CBIS’ investment process consists of three basic stages, 1) manager
selection, 2) monitoring and evaluation, and, based on the manager’s
results, 3) retention or replacement. We constantly review our
managers, continuously research new managers (in order to maintain a
short list for each style in the event replacement is required), and
hone our analytical framework for selecting managers who can succeed
over the long term.
Manager Selection
CBIS seeks out a number of identifiable characteristics in the managers we hire in order to ensure that they are a good fit with our overall investment philosophy, and to gain our required comfort level in their ability to meet our expectations for value added over a market cycle. The characteristics include:
- An emphasis on fundamental research
- A strong 3- to 5-year track record
- An understandable, sustainable investment process
- Continuity of personnel
- Suitability for our version of SRI
- Complementary investment approaches
Monitoring and Evaluation
Once a manager is hired, we follow a rigorous, systematic process for ongoing evaluation. This process includes:
- daily access to portfolio holdings
- daily review of portfolio performance
- monthly review of portfolio transactions
- quarterly performance attribution analysis
- ongoing meetings with manager prospects
We have the ability to conduct a daily review of exposure to any given security if we have concerns with it, although in practice this is rarely necessary. Quarterly performance attribution analysis, however, is a critical and fundamental aspect of the monitoring process. Each manager prepares a quarterly report that shows how they achieved their added value or their underperformance, and that assesses the portfolio’s exposures to various risks in the marketplace. This report helps us determine whether the manager is pursuing the strategy for which they were hired.

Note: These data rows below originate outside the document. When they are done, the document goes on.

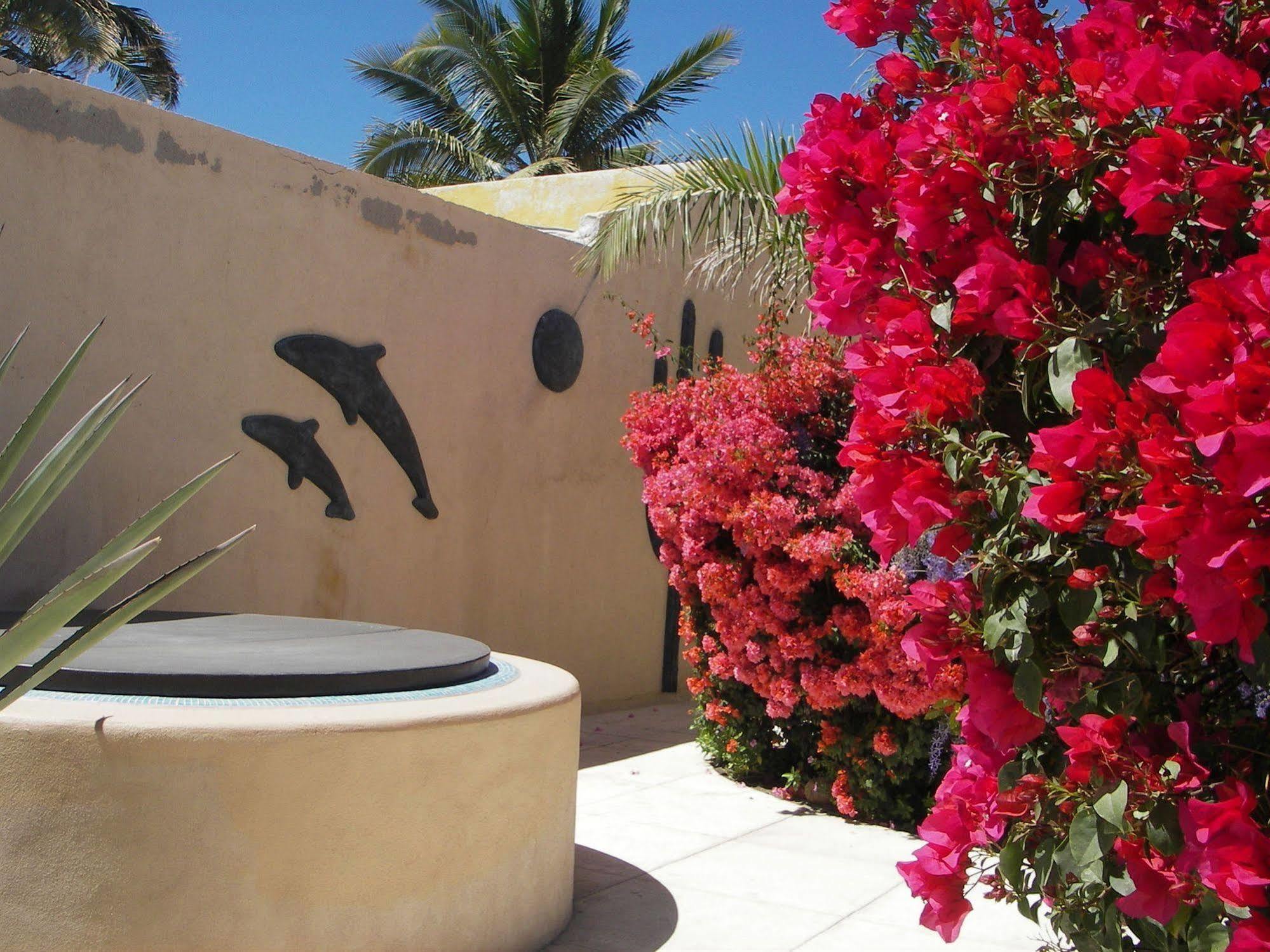 Casa Kootenay Waterfront Bnb La Paz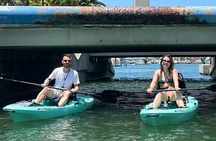Luxury Single Kayak Tour To An Island Off Clearwater Beach!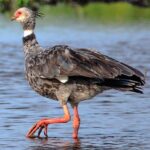 At_Possa_da_Londra_in_the_Brazilian_Patanal_(105m)_-_the_weird_looking_Southern_Screamer_(Chauna_torquata)_-_(24213807344)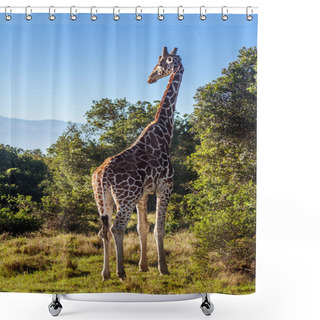 Personality  African Giraffe, Maasai Mara Game Reserve, Kenya Shower Curtains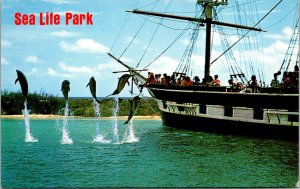 Vtg Sea Life Park Dolphins Jumping Sailboat Oahu Hawaii HI Unused Postcard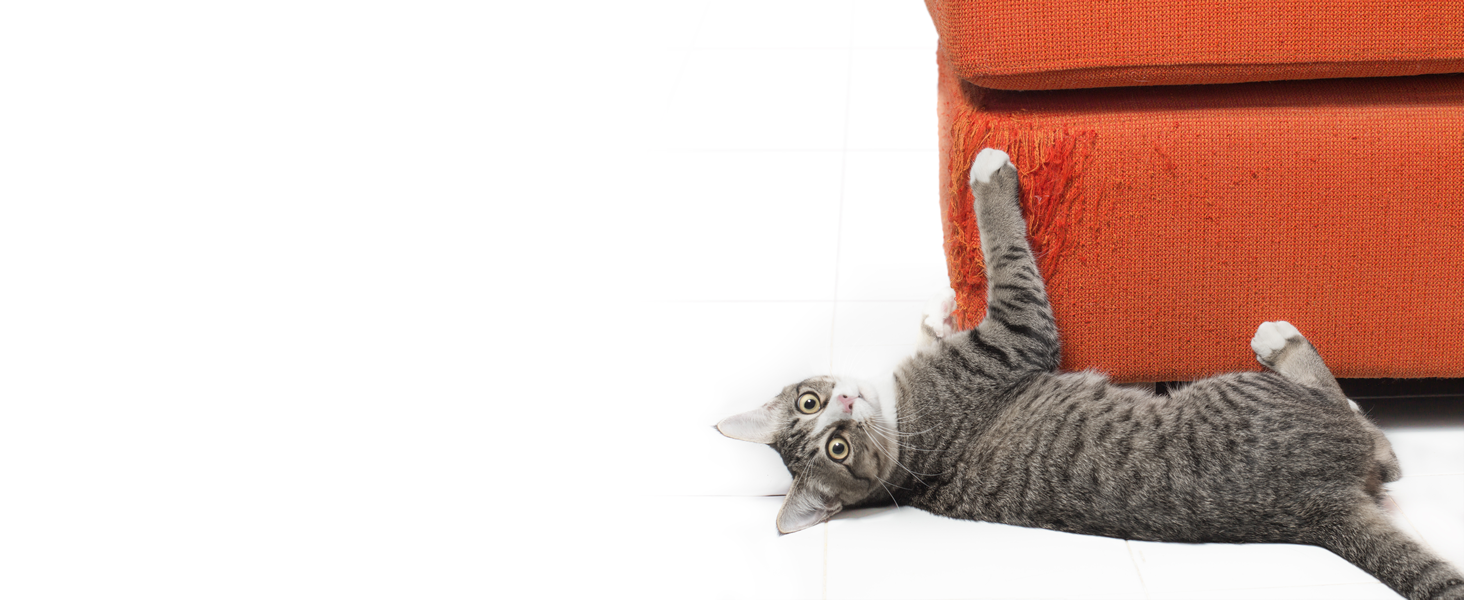 Why indoor cats often scratch furniture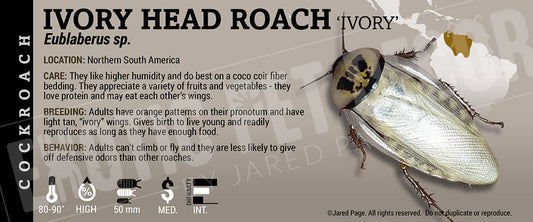 Eublaberus sp. 'Ivory Head' Roach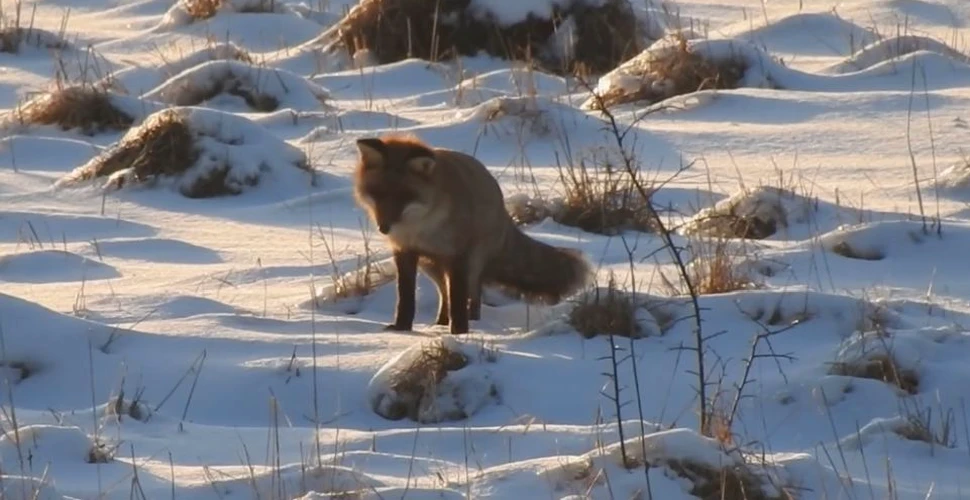Imagini amuzante cu o vulpe la vânătoare de rozătoare, într-o pădure din România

When a Manager Underperforms
Monitoring and evaluation are most visible, of course, when a manager is underperforming. And a reality of investing is that all good managers will experience periods of underperformance when their approaches are temporarily out of favor, or when speculative surges in the market temporarily eclipse the attractiveness of a long-term, quality-oriented investment approach. Our process is structured to create a systematic and methodical framework for evaluating periods of underperformance, and for ensuring that the retention/replacement decision is made rationally and analytically, not emotionally. Our objective is to give managers in whom we can retain confidence the time to turn results around, and to replace managers when a breakdown of process or of organizational structure has occurred, where we lack confidence in their ability to recover performance in subsequent periods.
Retention or Replacement
At some point we have to reach a determination: Do we retain an underperforming manager? Can the firm still meet our expectations for added value over the long term? Would we hire this manager today? There is no formula for this decision. Inevitably, it requires judgment based on our assessment of quantitative and qualitative factors, and on our conclusions about the reasons for underperformance. If we have confidence in the people at the firm, if their investment process remains intact, we can be patient. However, as time goes on, it’s harder to recoup underperformance. One way we assess this is to look back at the past. Has this firm suffered prior periods of underperformance? Has it been able to recoup underperformance in subsequent periods? If so, this influences our thinking. A large-cap manager termination can cost 0.5% to 1% in total return, and a small-cap or international manager change can run 2% or more. If we have to make a change, we try to mitigate these costs by using a transition manager. Changing managers is costly. None the less, we are prepared to do it when our best judgment argues for it.